* **Exercise directions**: Leave the pictures out and repeat the rest of the data below exactly.

* **Stored data**:
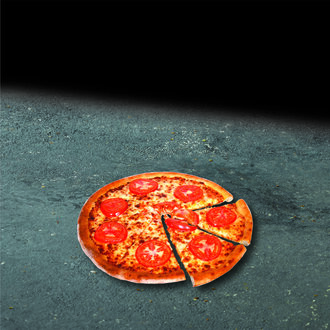 Bodrum Pizza (Küçük) görseli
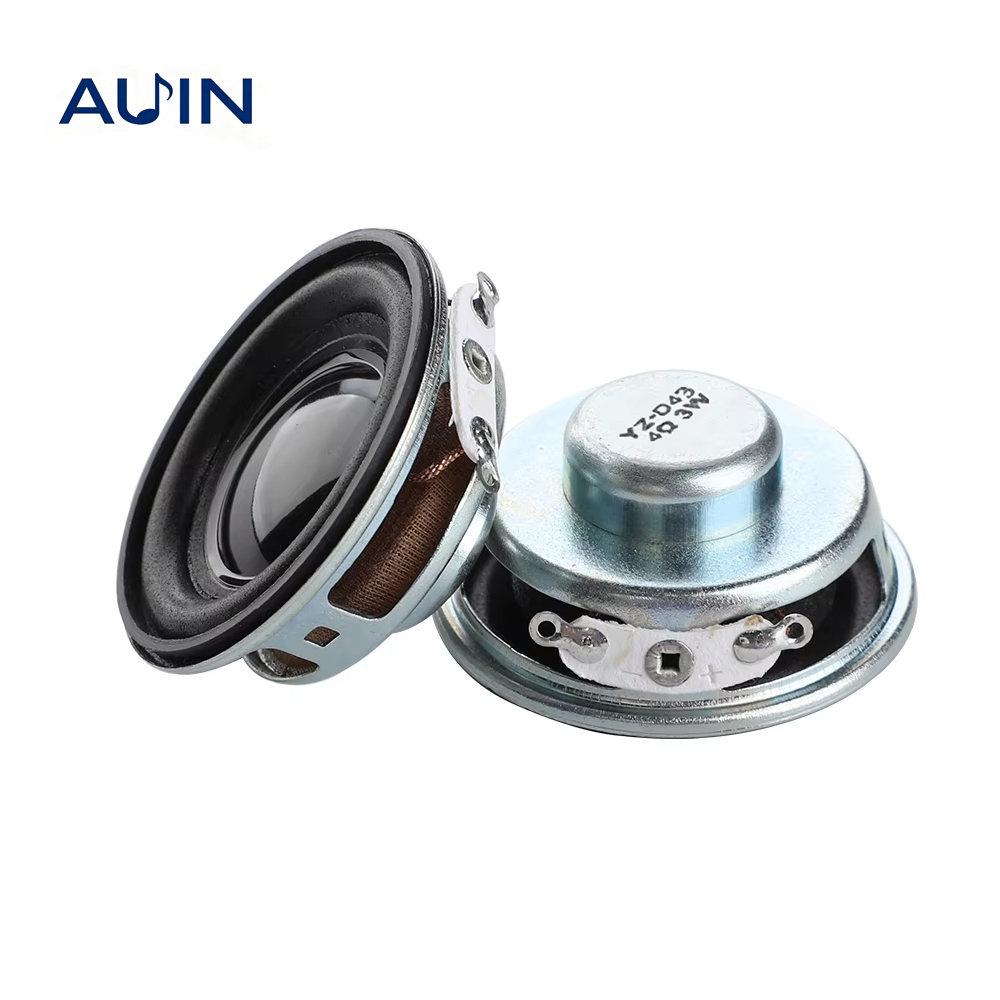 Audio Home Cinema - AUIN 2個入り ミニ1.5インチ フルレンジ ポータブルスピーカー 4オーム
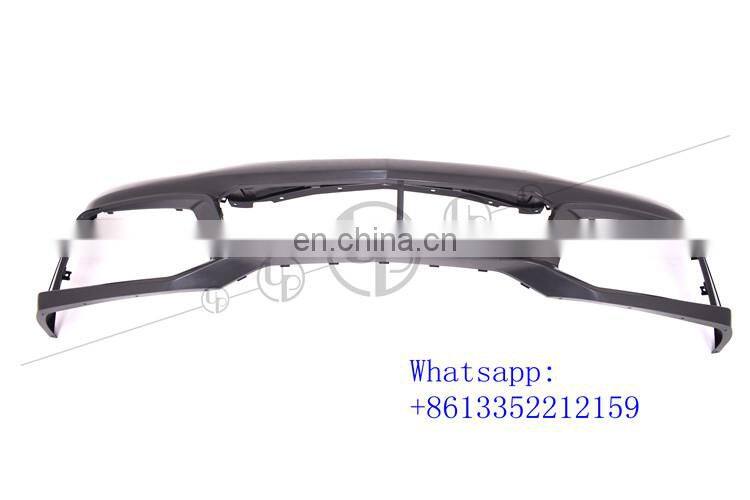 2018year C7 front bumper fit for C7 ZR1 style bodykit pp material bumper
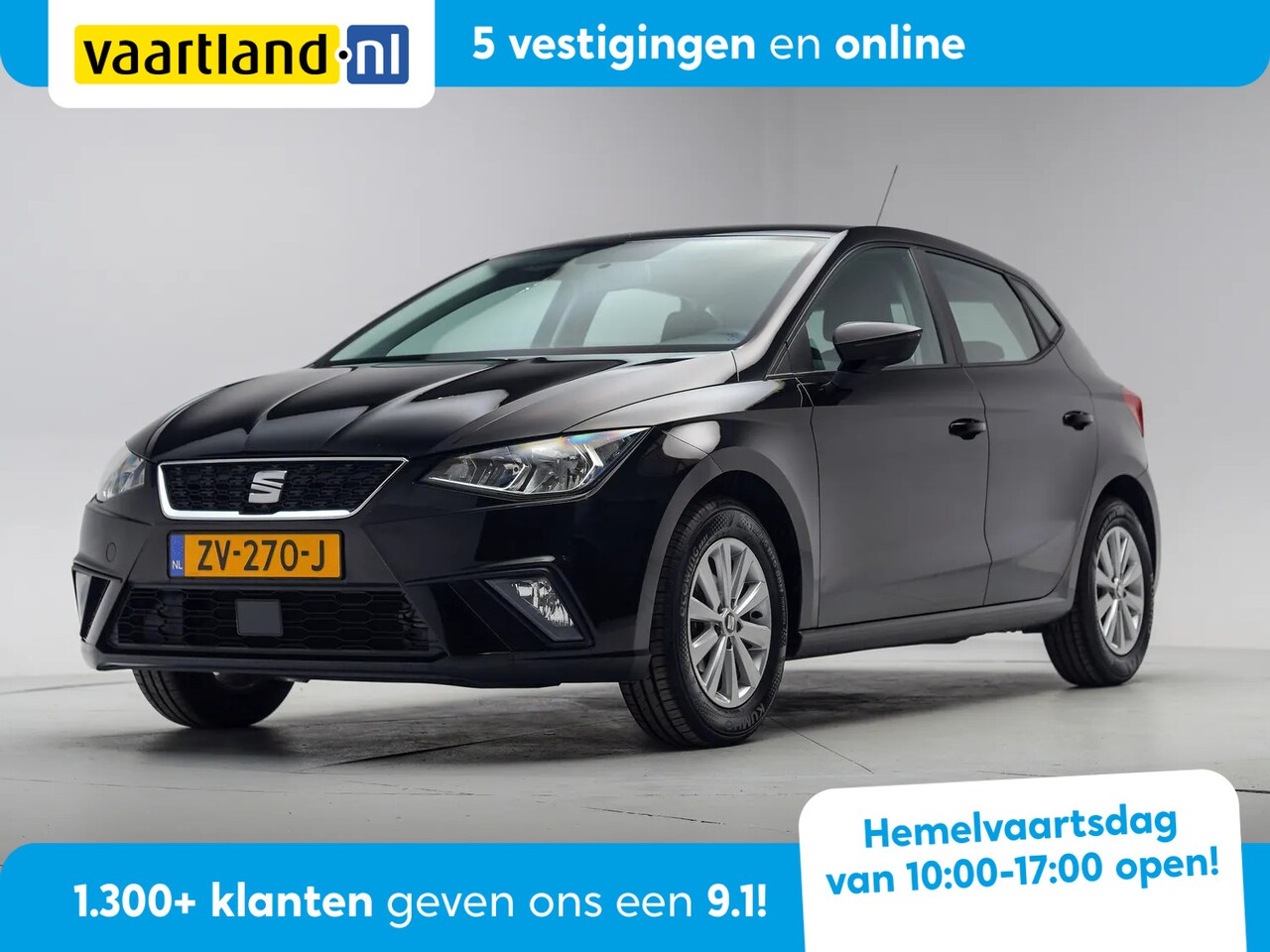 SEAT Ibiza - 1.0 MPI [ Cruise Climate Carplay ] - AutoWereld.nl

* **Response for this exercise**:
 Bodrum Pizza (Küçük) görseli
 Audio Home Cinema - AUIN 2個入り ミニ1.5インチ フルレンジ ポータブルスピーカー 4オーム
 2018year C7 front bumper fit for C7 ZR1 style bodykit pp material bumper
 SEAT Ibiza - 1.0 MPI [ Cruise Climate Carplay ] - AutoWereld.nl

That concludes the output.